# Introduction to Pandas

## Setup and preliminaries

In [None]:
# Render our plots inline
%matplotlib inline
%config InlineBackend.figure_format = 'retina'

import pandas as pd
import matplotlib
import matplotlib.pyplot as plt
import seaborn as sns

# Make the graphs a bit bigger
matplotlib.style.use(['seaborn-talk', 'seaborn-ticks', 'seaborn-whitegrid'])

## Exercise: NYPD Vehicle Collisions

* We interacted with the NYC Restaurant Inspection Data. Now, let's download another dataset, and do some analysis. We will focus on the [NYPD Vehicle Collisions](https://data.cityofnewyork.us/Public-Safety/NYPD-Motor-Vehicle-Collisions/h9gi-nx95/data) data set.


### Task 1: 

Download the dataset. Use the "Export" view, get the URL for the CSV file, and dowload it using curl. (See the top of the notebook for guidance.) 


#### Solution

In [None]:
# It is a big file, ~350Mb.

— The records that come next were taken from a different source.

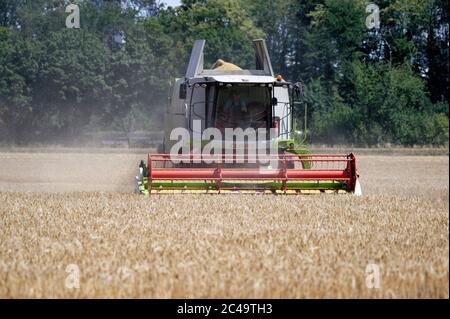Dormagen, Deutschland. Juni 2020. Ein Landwirt nutzt einen Mähdrescher, um Wintergerste in der Nähe von Dormagen zu ernten. Quelle: Henning Kaiser/dpa/Alamy Live News Stockfoto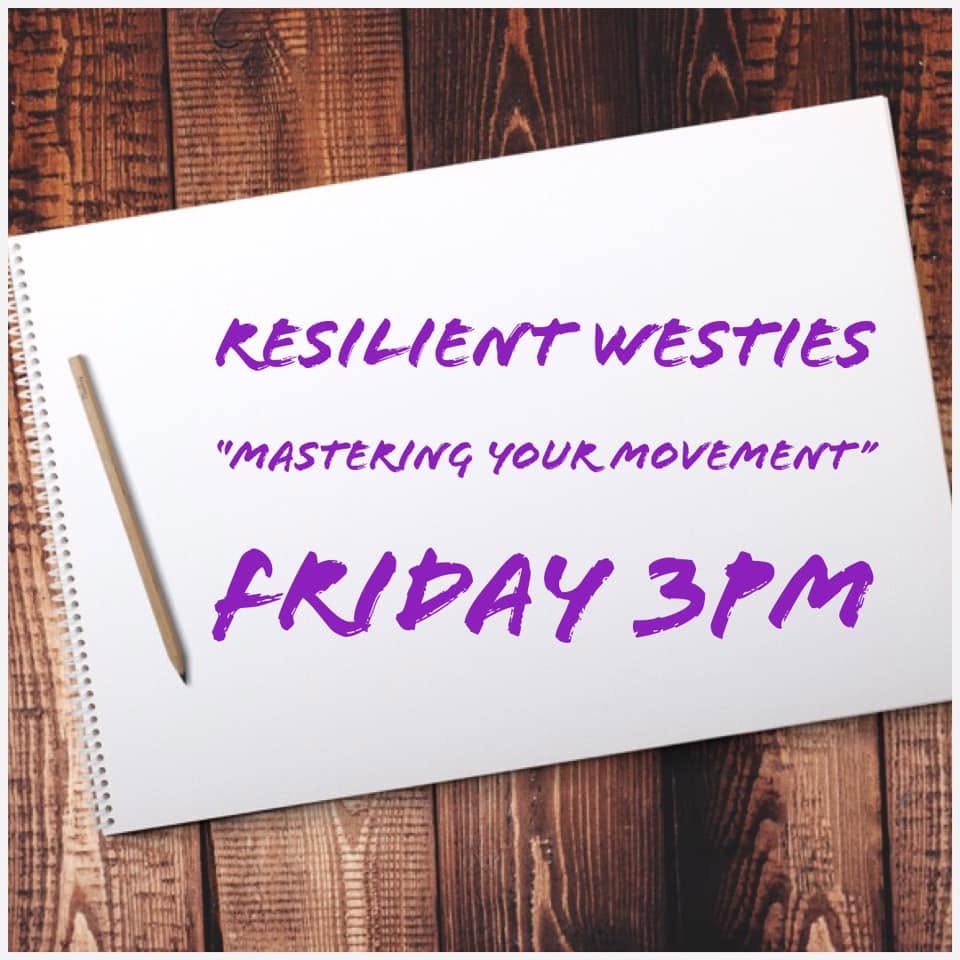 Mastering Your Movement - MADjam
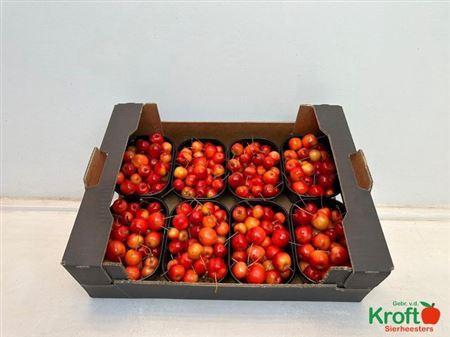 F Malus Red Sentin Bak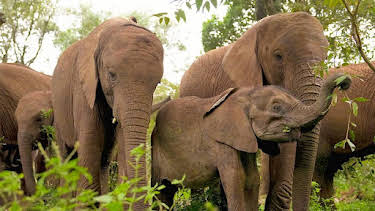 12:10 PM: Hamza Loves Animals: Africa (S1) | Cbeebies | 7/12 2026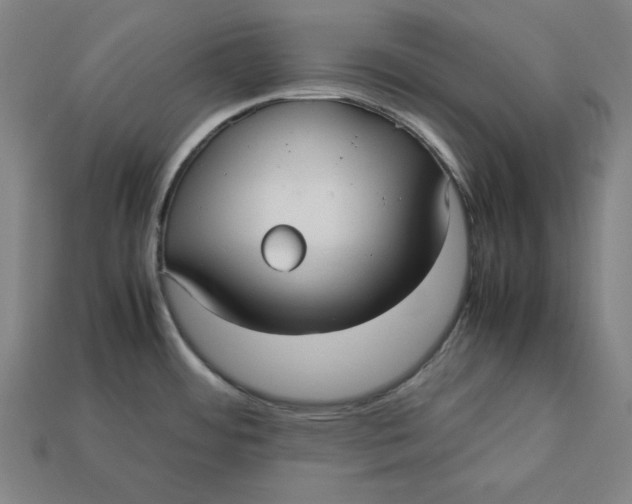 X0000113111484200909181618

It will take 2-3 minutes to download
!curl https://data.cityofnewyork.us/api/views/h9gi-nx95/rows.csv?accessType=DOWNLOAD -o accidents.csv

In [None]:
df = pd.read_csv("accidents.csv", low_memory=False)

In [None]:
df.dtypes

### Task 2: 

Find out the most common contributing factors to the collisions. 
 

#### Solution

In [None]:
# Task 2: Find out the most common contributing factors to the collisions.
df['CONTRIBUTING FACTOR VEHICLE 1'].value_counts().plot(kind='barh')

In [None]:
# Task 2: If we want to remove the "Unspecified", we select the elements starting
# from position 1 (i.e., the second element in the list, the first one is 0)
df['CONTRIBUTING FACTOR VEHICLE 1'].value_counts()[1:10].plot(kind='barh')

### Task 3: 

Break down the number of collisions by borough.





#### Solution

In [None]:
# Task 3: Break down the number of collisions by borough.
df['BOROUGH'].value_counts().plot(kind='barh', figsize=(10,5))

### Task 4

Find out the how many collisions had 0 persons injured, 1 persons injured, etc. persons injured in each accident. Use the `value_counts()` approach. You may also find the `.plot(logy=True)` option useful when you create the plot to make the y-axis logarigthmic.
 

#### Solution

In [None]:
# "Chain" style of writing data maniputation operations
plot = (
    df['NUMBER OF PERSONS INJURED'] # take the num of injuries column
    .value_counts() # compure the freuquency of each value
    .sort_index() # sort the results based on the index value instead of the frequency, 
                  # which is the default for value_counts
    .plot( # and plot the results
        kind='line', # we use a line plot because the x-axis is numeric/continuous
        marker='o',  # we use a marker to mark where we have data points 
        logy=True # make the y-axis logarithmic
    )
)
plot.set_xlabel("Number of injuries")
plot.set_ylabel("Number of collisions")
plot.set_title("Analysis of number of injuries per collision")

### Task 5

(a) Compute the average number of injuries and deaths per accident, broken down by borough. Use the `pivot_table` functionality, putting `BOROUGH` as the index. You can answer this query by generating two separate tables, or you can create a single table by using the fact that you can pass a list of attributes/columns to the `values` parameter of the pivot table.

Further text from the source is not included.